A possible role for bronchial dysfunction after HSCT may have myeloablative conditioning and the wide use of systemic corticosteroids in our population, which is known to reduce FeNO levels significantly [26]. Immunologic inactivation of iNOS may therefore be responsible for the missing correlation of FeNO with pulmonary infections in our immunosuppressed study population. We hypothesised that inactivation of NO production could be reversed by alloimmunologic mechanisms as described for non-infectious pulmonary complications after HSCT [13, 17, 25, 28, 29]. We could show that children with pulmonary complications after day +60 had a trend towards higher FeNO levels at day 0 and day +28 than children without PC (in a subcohort of ALL patients only at day +28), without reaching statistical significance. These data suggest a possible role of FeNO as an easily accessible, non-invasive marker preceding PC in children. Therefore, we suggest measuring FeNO at least at day +28 for assessment of the individual risk for PC and for early detection of pulmonary pathology after HSCT in childhood.

FeNO levels did not show any significant correlation with acute GvHD in our cohort. In contrast, other studies [18, 27] have shown a significant correlation of FeNO levels with acute GvHD, with a supposedly immunologic underlying mechanism. However, considering our observation that elevated FeNO levels precede early PC rather than acute GvHD, it is still possible that FeNO would be predictive for chronic pulmonary GvHD, which has to be proven in further studies. Of interest, children with matched sibling donors had higher FeNO levels at day +28 than children with matched unrelated donors, which may be attributed to different GvHD prophylaxis. However, therapy with corticosteroids surprisingly did not influence the findings of our study. One could expect that children without pulmonary complications had lower FeNO levels simply because they received a higher cumulative dose of systemic steroids. In contrast, children without any PC and low FeNO levels received lower cumulative doses of steroids (114 mg/kg prednisone) until day +60 than children with PC (152 mg/kg prednisone) after day +60 and high FeNO levels.

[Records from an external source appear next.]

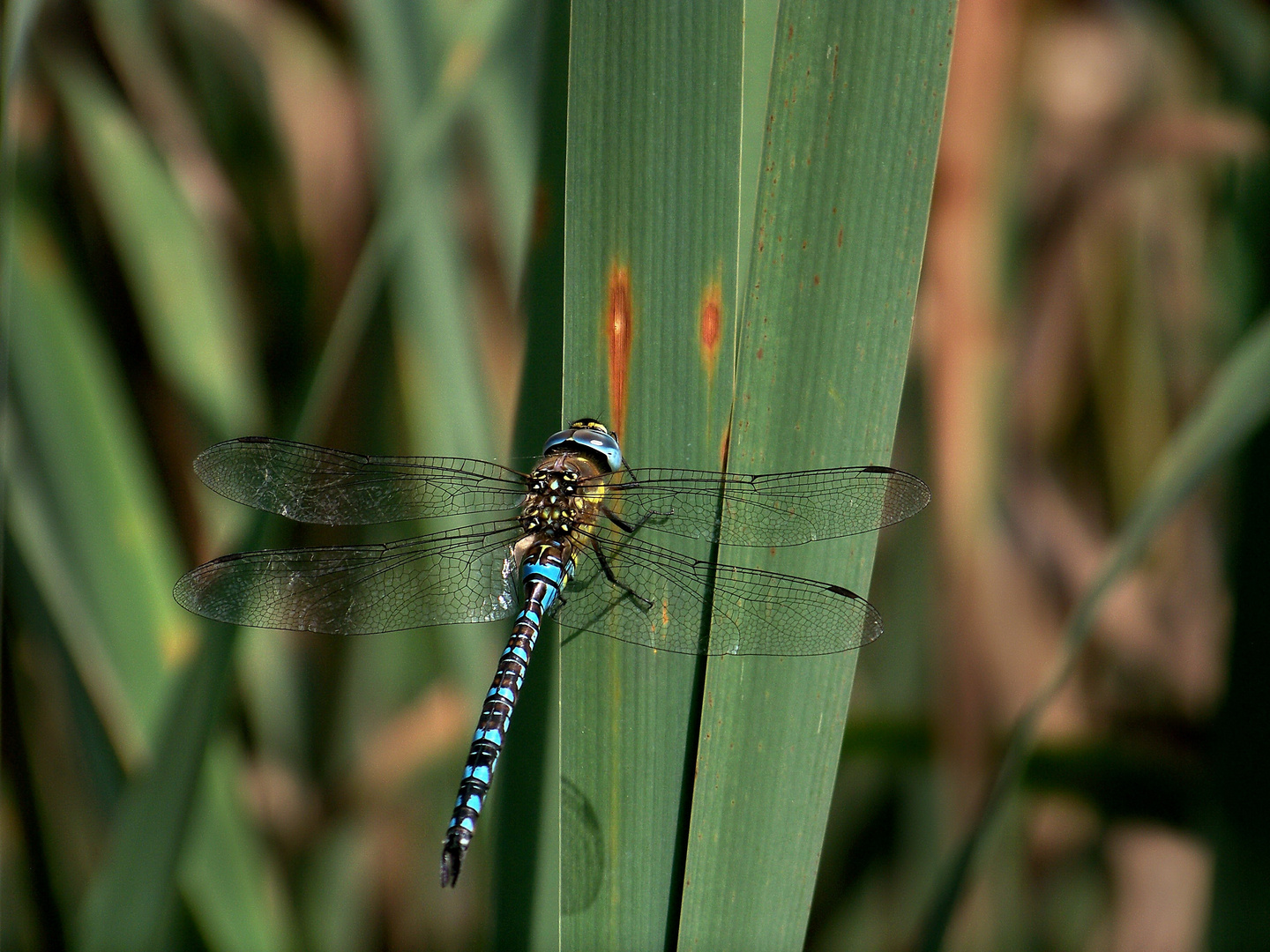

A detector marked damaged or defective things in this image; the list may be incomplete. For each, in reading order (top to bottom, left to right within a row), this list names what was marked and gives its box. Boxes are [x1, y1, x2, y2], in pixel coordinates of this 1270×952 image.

brown rust spot [607, 264, 631, 435]
brown rust spot [698, 275, 720, 383]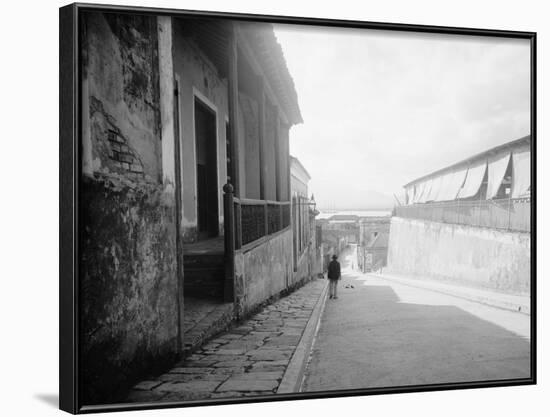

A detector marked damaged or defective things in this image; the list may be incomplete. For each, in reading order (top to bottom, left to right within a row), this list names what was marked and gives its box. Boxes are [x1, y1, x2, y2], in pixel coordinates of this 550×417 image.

peeling plaster wall [81, 13, 179, 404]
peeling plaster wall [172, 26, 229, 242]
peeling plaster wall [234, 228, 296, 316]
peeling plaster wall [386, 216, 532, 294]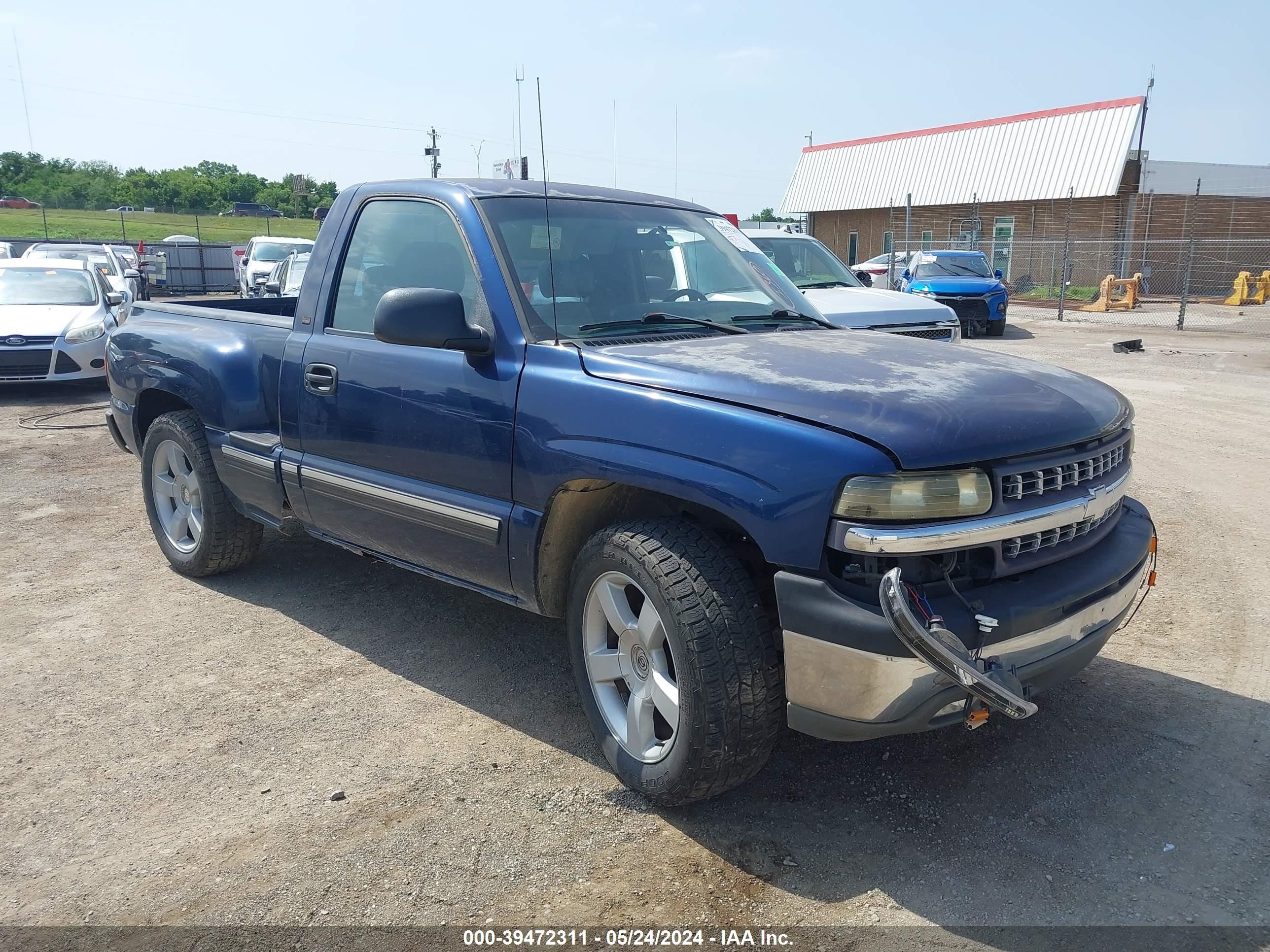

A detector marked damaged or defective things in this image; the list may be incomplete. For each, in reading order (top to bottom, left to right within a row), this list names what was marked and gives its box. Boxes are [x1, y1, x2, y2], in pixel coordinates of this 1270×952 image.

detached bumper trim [833, 467, 1132, 556]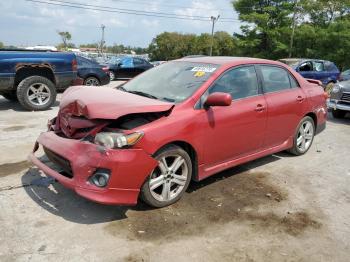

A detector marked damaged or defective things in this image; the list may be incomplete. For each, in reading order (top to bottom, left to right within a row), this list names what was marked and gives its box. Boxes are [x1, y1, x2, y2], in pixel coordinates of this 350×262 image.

crushed front bumper [28, 132, 157, 206]
crumpled hood [61, 85, 175, 119]
broken headlight [93, 132, 144, 148]
damaged red sedan [28, 56, 326, 207]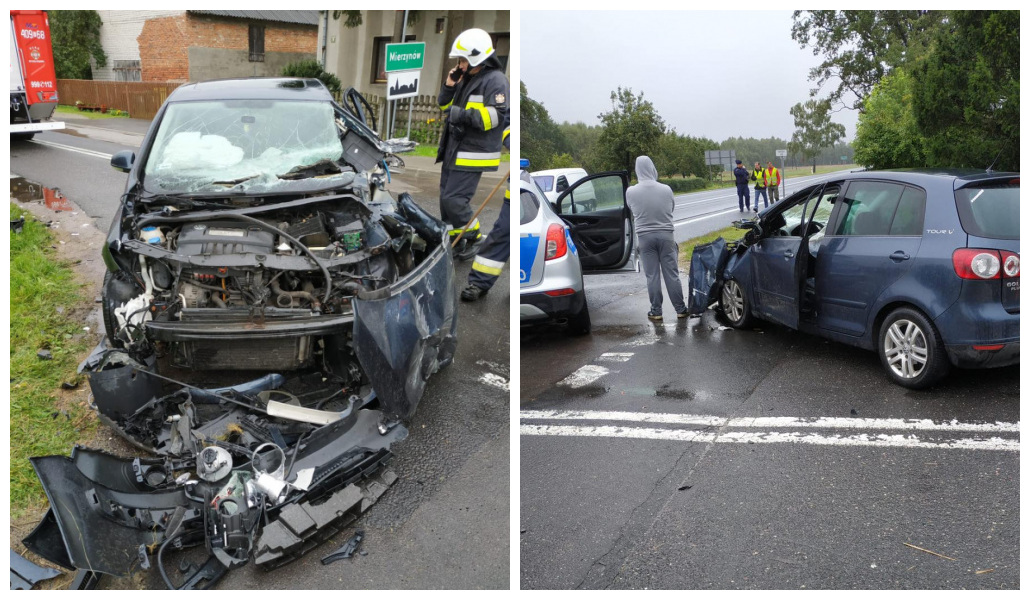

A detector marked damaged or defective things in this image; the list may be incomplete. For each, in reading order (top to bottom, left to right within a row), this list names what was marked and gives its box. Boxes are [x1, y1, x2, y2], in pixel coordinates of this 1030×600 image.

severely damaged car [22, 78, 458, 584]
shattered windshield [143, 100, 354, 195]
damaged car door [556, 172, 636, 274]
severely damaged car [688, 171, 1020, 392]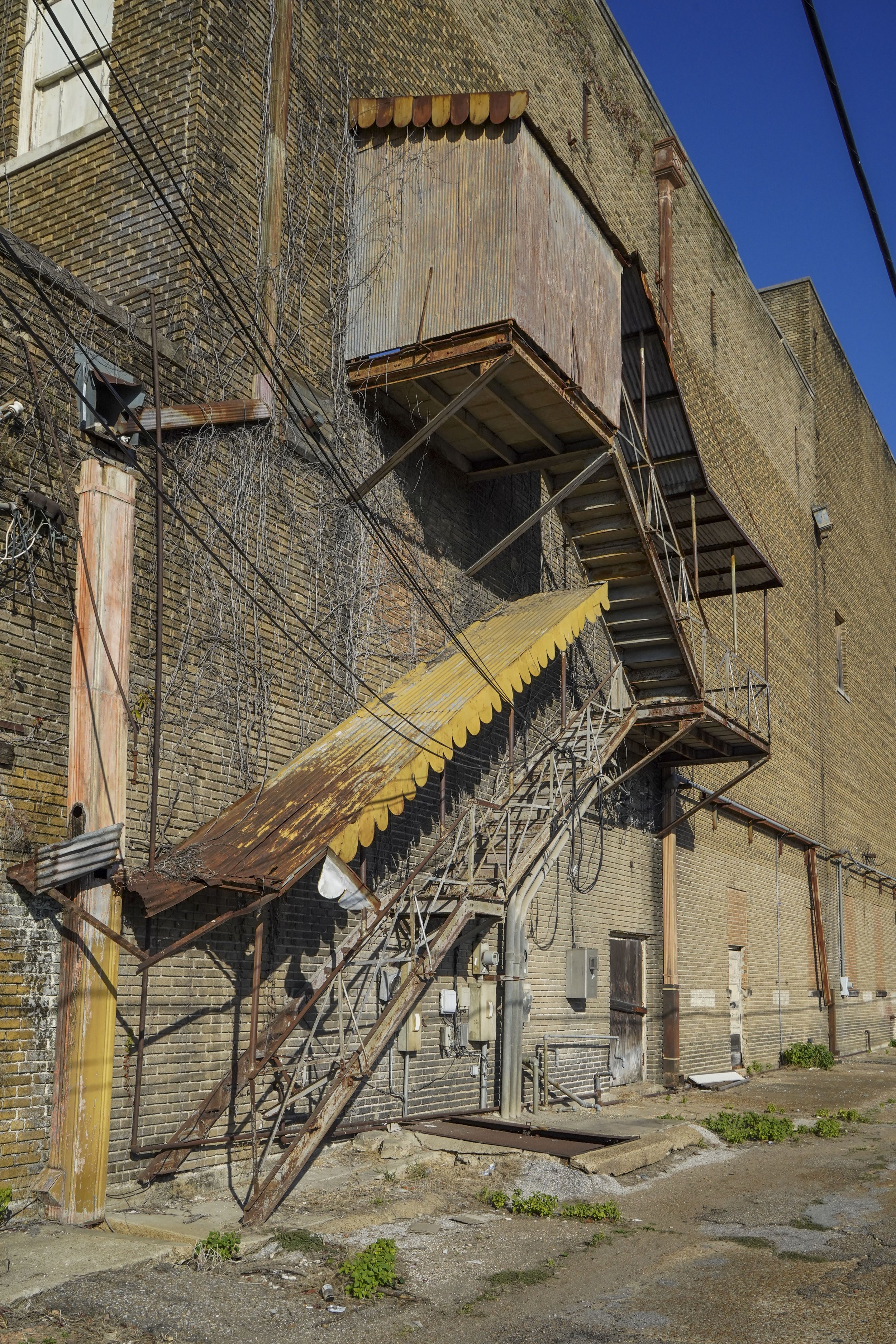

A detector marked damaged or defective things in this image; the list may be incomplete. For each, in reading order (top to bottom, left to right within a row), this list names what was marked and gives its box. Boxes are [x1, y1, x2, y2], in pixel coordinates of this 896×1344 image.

Finally, we observed a positive correlation of elevated FeNO and total serum IgE, which may reflect a systemic alloimmunologic pro-inflammatory upregulation leading to stimulation of B cells and iNOS [5] equally. The primary aim of this study was to describe the patterns of FeNO levels in children after HSCT. We expected a trend towards a higher prevalence of pulmonary complications in children with higher FeNO and found some suggestive data at day 0 and day +28. Compared with the reference values for non-transplant children, FeNO levels were generally lower in our immunosuppressed population, mainly due to high doses of systemic corticosteroids in the course of HSCT. However, our data show that even with severe immunosuppression, the bronchial epithelium reacts to injury by elevated FeNO levels, as an early marker for the start of respiratory pathology.

In conclusion, elevated FeNO levels after HSCT in children seem to precede early pulmonary complications. The clinical relevance of our observations has to be fostered by follow-up of our study group and by multi-centre studies measuring FeNO in children after HSCT.

What is already known on this topic:

  • FeNO is elevated in adults with pulmonary complications after HSCT,

  • which have a high mortality also in childhood.

What this study adds:

  • FeNO is elevated in children with pulmonary complications after HSCT,

  • therefore representing a novel and important diagnostic tool for this population.